----- Provided material
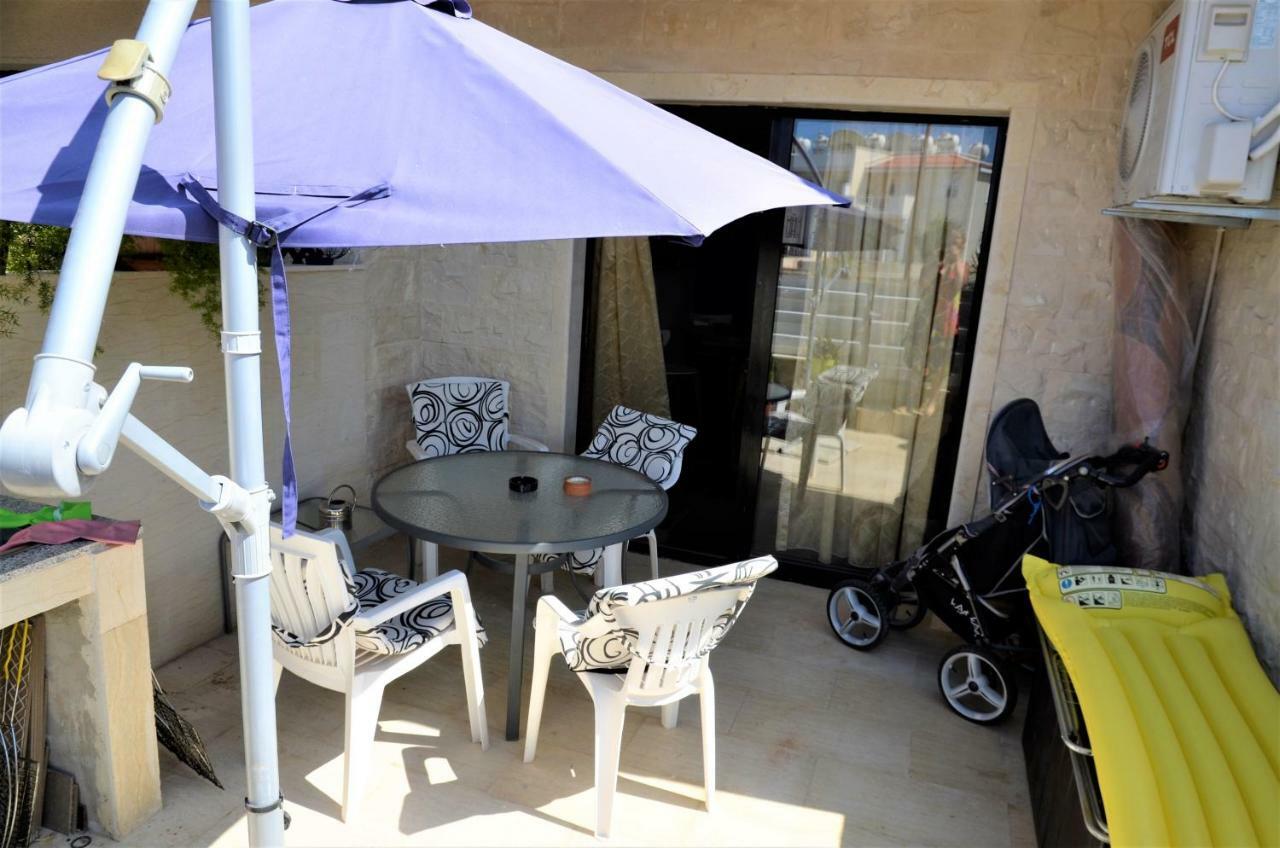 Isabella Court Townhouse Near Venus Beach And Lidl Paphos Exterior foto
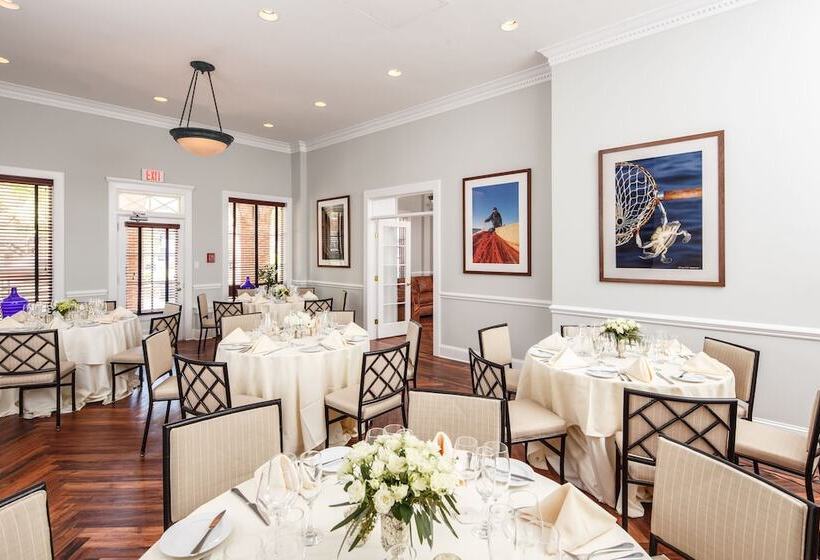 ホテル The Tidewater Inn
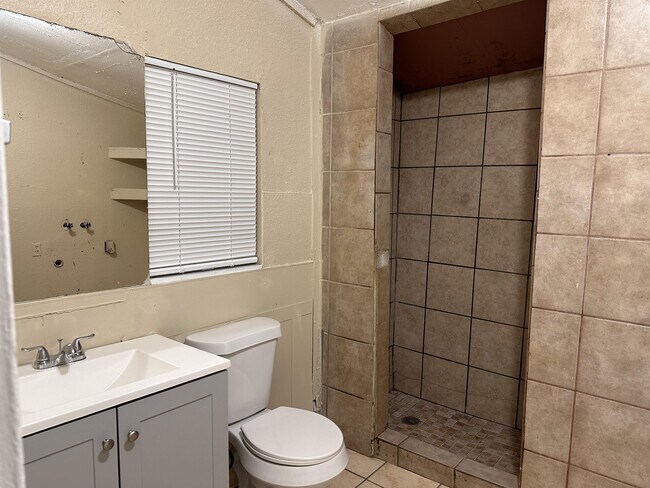 Building Photo - 601 Cantrell Dr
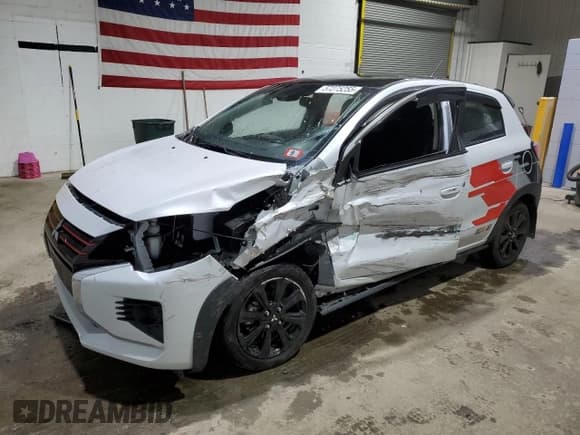 ✅ 2023 Mitsubishi Mirage Black Edition • VIN: ML32AWHJ8PH004270 • Lot: 57275255. Wystawiony na Copart z przebiegiem 17 883 mil. Bezpłatny archiwum sprzedaży aukcyjnych z USA i szczegółowy raport historii pojazdu na DreamBid. Zdjęcie 1.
----------
== Exercise brief ==
Return the material from the line containing "ホテル The Tidewater Inn" through the line containing "Building Photo - 601 Cantrell Dr", exactly and in full, but without its pictures.

== Exercise solution ==
 ホテル The Tidewater Inn
 Building Photo - 601 Cantrell Dr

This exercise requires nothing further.